Oh, what a wonderful morning!!!


----------



## Maglily (Feb 3, 2009)

Lol, I thought you meant people at first...they are adorable, you must still feel like you're on cloud nine!! somewhere out there, the new mom and new dad are too. Good job !


----------



## MoonDog (Jun 6, 2011)

Oh, he is PRECIOUS!!! But don't you mean you did a "two-fur"? :HistericalSmiley:


----------



## elly (Sep 11, 2006)

How sweet both are, I would want to keep them. Thank you for helping them get to there forever and foster homes:wub:


----------



## DiamondsDad (Jul 14, 2011)

They are gorgeous pups. I'm glad they are going to places where they will be taken care of. Austen is absolutely stunning! What a beautiful pup he is.


----------



## Furbabies mom (Jul 25, 2011)

Was Austen on Petfinder? I think I saw him. He is so gorgeous!!


----------



## Snowbody (Jan 3, 2009)

Was wondering if that was the Austen on NCMR's page. I remember telling the person who logged in as Stan in Michigan who was looking for a dog to check out Austen. I'm assuming that's not who adopted him but who knows, maybe it is. What a joy to transport both of those little angels. I really would like to do transport here since I can't foster. No wonder you were on :cloud9:. Talk about a good deed. :chili::chili: I hope Cheryl gets adopted soon. She's a cutie patootie.


----------



## maggieh (Dec 16, 2007)

It was the Austen on NMRs web page and he was probably on Petfinder. He is a beautiful baby! His new family lives near Indianapolis so it's not Stan from MI.


----------



## *Missy* (Oct 7, 2011)

Oh what a wonderful thing to be a part of! They are both adorable!!


----------



## Lacie's Mom (Oct 11, 2006)

Maggie -- how wonderful that you were able to help with this. It's so inspiring. 

Gosh, but I love little Austin -- so glad that he's found his furever home. And Cheryl looks like a lost little angel. I'm so glad that they've found a good foster home for her.

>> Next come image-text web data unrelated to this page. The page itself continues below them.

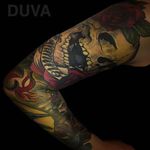 Neo-Traditional Sleeve Tattoo by Fru Duva #neotraditional #neotraditionalsleeve #skull #sleeve #inspiration #FruDuva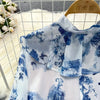 Court Style Long Dresses for Women Floral Print Flare Sleeve Stand Collar Female Elegant Vestidos Chiffon Maxi Dress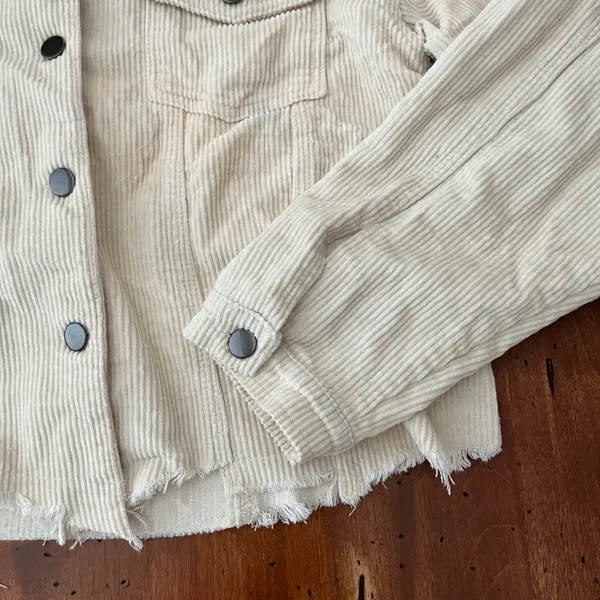 Pol Cream Distressed Button Front Corduroy Jacket - Image 7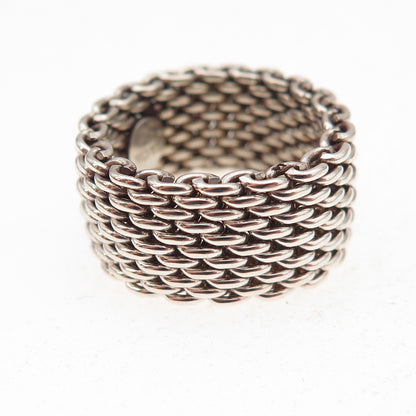 Tiffany & Co. 925 Sterling Silver Vintage Somerset Mesh Ring Size 6.75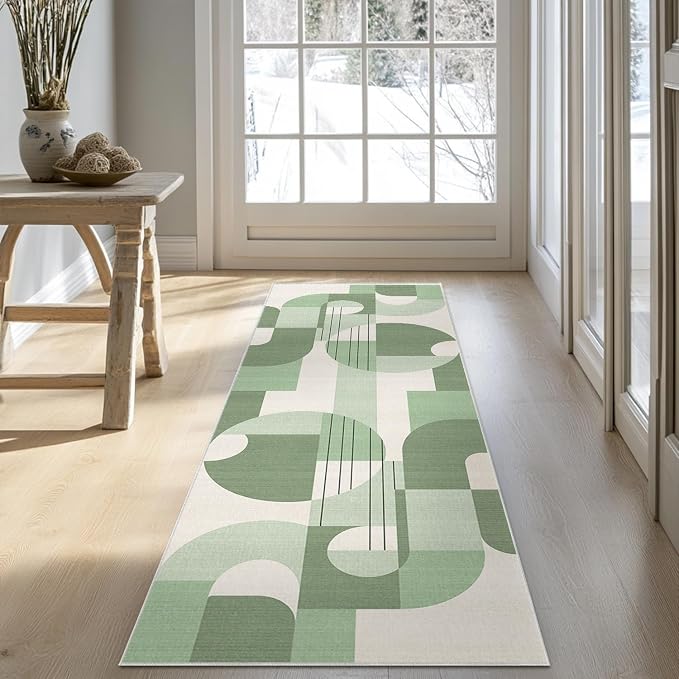 2x6 Green and White Geometric Boho Runner Rug for Kitchen Entryway Hallway Abstract Area Rug Machine Washable Non-Slip Carpet for Bedroom Bathroom Bedside
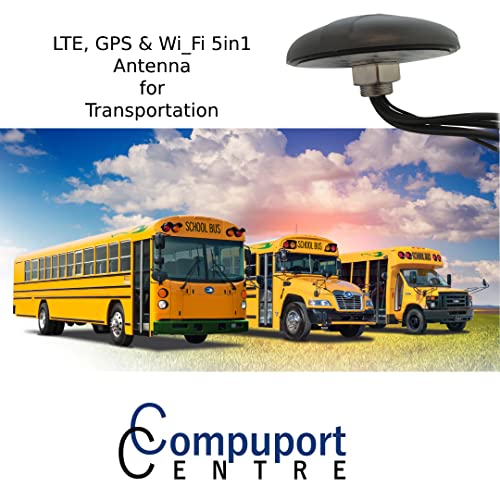 CompuPort Panorama 5in1 Puck Transportation Antenna (2xLTE, GPS, 2xWIFI) Screw-Mount LTE/4G/3G-Wi-Fi-GPS-GLONASS-2.4/5GHz MIMO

It is always so important to help with the precious rescues.


----------



## LuvMyBoys (Jan 2, 2012)

What a wonderful rewarding day for you - bless you for helping all of these babies.


----------



## edelweiss (Apr 23, 2010)

You deserve to feel great today Maggie! Kudos to you for transporting. Isn't it amazing how people can work together to bring happiness to so many pups and new families! Wouldn't it be great if it wasn't necessary!


----------



## mom2bijou (Oct 19, 2006)

Oh!! Getting teary eyed reading this! Such a wonderful thing to do Maggie. What beautiful little angels!


----------